George Alagiah interviews us on the BBC

Tuesday, 19 December 2006

No.22: Nigeria


Searching the Globe

Owen Powell – 19th December 2006

One of the other things I do, when I'm not doing this, is work at Shakespeare's Globe Theatre as a tour guide. The story of the Globe is full of cameo appearances from people who came from overseas. Some of the best evidence we have about the way theatre worked in Shakespeare's time comes from the letters and diaries of visitors from France, Switzerland, the Netherlands and elsewhere in Europe. People in London, I suppose, thought it wasn't worth recording the details of what went on in the theatre – it was always going to be there, so why bother? (They were wrong – the Globe burnt down in 1613, only fourteen years after it had been built). Without these writings, it would have been much harder to rebuild the theatre.

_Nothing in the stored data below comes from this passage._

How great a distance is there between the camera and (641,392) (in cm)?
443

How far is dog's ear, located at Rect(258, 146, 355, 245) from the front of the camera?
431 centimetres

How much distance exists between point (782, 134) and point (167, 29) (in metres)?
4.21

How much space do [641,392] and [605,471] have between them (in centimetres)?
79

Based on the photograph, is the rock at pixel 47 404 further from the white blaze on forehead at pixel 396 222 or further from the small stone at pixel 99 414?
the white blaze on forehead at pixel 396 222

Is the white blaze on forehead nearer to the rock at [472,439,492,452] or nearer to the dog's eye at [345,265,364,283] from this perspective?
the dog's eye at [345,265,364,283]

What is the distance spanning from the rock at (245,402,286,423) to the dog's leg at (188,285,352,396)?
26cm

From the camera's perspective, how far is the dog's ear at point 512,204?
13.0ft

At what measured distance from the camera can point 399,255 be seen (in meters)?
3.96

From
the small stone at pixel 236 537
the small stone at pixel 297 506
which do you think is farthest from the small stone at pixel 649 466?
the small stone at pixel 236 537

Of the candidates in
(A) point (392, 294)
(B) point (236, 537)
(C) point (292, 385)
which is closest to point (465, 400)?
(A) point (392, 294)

The rebuilding would have been impossible without one of the later non-Londoners in the Globe story, the American actor and director Sam Wanamaker. It was Sam's idea to reconstruct an Elizabethan theatre, his drive to raise the money and his commitment to the project over the last twenty years of his life that finally saw the new Globe built. Naturally, he faced an astonishing amount of opposition, and put up with a lot of sneering, from the London establishment, who didn't want a 'foreigner' coming over here and telling us how to treat our own culture. Thankfully, many more people were supportive, and the Globe is now recognised as an important building that can tell us a lot about London's history. It has also kept its international flavour. Over the last ten years, the Globe has hosted a Japanese Comedy of Errors, a Portuguese Romeo and Juliet, and a Zulu version of Macbeth. Many of the staff, too, are from abroad, and it's my intention, over the course of the year, to speak to as many of them as I can. I started off with the person who, far more than any of the actors who work here, is the face of the Globe – Benjy, the security guard.

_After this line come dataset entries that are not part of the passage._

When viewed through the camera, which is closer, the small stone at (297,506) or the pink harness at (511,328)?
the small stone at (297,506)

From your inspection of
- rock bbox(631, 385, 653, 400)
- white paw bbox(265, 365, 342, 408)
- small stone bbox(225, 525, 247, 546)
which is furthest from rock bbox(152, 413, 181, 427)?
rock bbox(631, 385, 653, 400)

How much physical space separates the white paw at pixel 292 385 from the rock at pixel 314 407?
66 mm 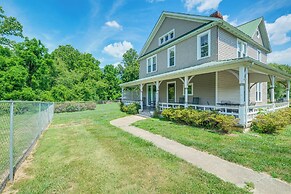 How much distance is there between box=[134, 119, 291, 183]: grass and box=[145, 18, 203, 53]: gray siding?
9.18 meters

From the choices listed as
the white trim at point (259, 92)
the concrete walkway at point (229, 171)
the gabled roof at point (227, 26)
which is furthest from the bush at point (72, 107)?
the white trim at point (259, 92)

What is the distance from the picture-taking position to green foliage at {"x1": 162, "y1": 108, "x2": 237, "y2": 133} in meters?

I first started working at the Globe in late May 2002, just as the World Cup was looming. Forget the idea of 'Arts' people being uninterested in sports – I have never known a group of people so obsessed with football as my new colleagues. Within a few weeks of joining I found myself sitting in the middle of a huge crowd at the Old Thameside Inn at seven in the morning, weeping into my Guinness as the ten men of Brazil knocked us out.

Sven's first squad for a major tournament contained the then little-known Canadian-German-Welshman Owen Hargreaves. With this sudden appearance of two new Owens on the stage, many at the Globe took to calling me 'Hargreaves' in honour of the curly haired substitute. Times have changed, people have moved on, but occasionally as I cross the courtyard in front of the theatre itself, the glass doors will open, and a cry of 'Hargreaves!' will issue from a smiling man in a loud shirt and maverick hat. I quite enjoy having a nickname that is so specific in time and place that only a few know the origin, or even the existence, of the moniker.

Benjy has been working at the Globe for five years, and has been in London for twenty. He first came over from Nigeria to study, a two year course at the London School of Journalism followed by a further course at Portsmouth University, but a career in journalism didn't happen, and he moved back to London to look for work. He's living in Croydon, and recommended a Streatham restaurant called Safaris that serves Ghanaian food as a good place to eat and meet people.

By now, he's pretty settled at the Globe, describing the people he works with as his "family", and enjoys his job. He's often the first person that many of our visitors meet on site (in fact, his official job title is 'Visitor Services'), and one of only a few people who know all of the other Globe staff by name. It's not all fun, however. He has to work Christmas Day, keeping an eye on the theatre – even though it's closed – and making sure the new Globe doesn't go the way of the first …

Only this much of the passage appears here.